─── GIVEN ENTRIES ───

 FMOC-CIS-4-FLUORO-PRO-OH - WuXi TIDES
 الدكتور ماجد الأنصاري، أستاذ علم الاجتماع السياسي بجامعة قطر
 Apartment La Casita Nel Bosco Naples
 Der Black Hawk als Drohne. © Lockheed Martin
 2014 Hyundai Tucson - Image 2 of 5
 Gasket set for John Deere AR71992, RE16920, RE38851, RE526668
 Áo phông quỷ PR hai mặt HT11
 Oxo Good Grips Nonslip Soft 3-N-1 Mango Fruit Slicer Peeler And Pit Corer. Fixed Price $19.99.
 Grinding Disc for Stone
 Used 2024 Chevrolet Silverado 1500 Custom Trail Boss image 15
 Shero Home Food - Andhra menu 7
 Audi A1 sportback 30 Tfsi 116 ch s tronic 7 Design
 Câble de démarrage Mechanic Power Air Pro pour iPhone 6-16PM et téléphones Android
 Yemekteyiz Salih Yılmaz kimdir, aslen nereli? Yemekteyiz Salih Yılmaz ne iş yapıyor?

───

§ **TASK DIRECTIONS**
Leave out every line before the one containing "Oxo Good Grips"; set down that line and all remaining lines of the material exactly.

§ **WRITTEN SOLUTION**
 Oxo Good Grips Nonslip Soft 3-N-1 Mango Fruit Slicer Peeler And Pit Corer. Fixed Price $19.99.
 Grinding Disc for Stone
 Used 2024 Chevrolet Silverado 1500 Custom Trail Boss image 15
 Shero Home Food - Andhra menu 7
 Audi A1 sportback 30 Tfsi 116 ch s tronic 7 Design
 Câble de démarrage Mechanic Power Air Pro pour iPhone 6-16PM et téléphones Android
 Yemekteyiz Salih Yılmaz kimdir, aslen nereli? Yemekteyiz Salih Yılmaz ne iş yapıyor?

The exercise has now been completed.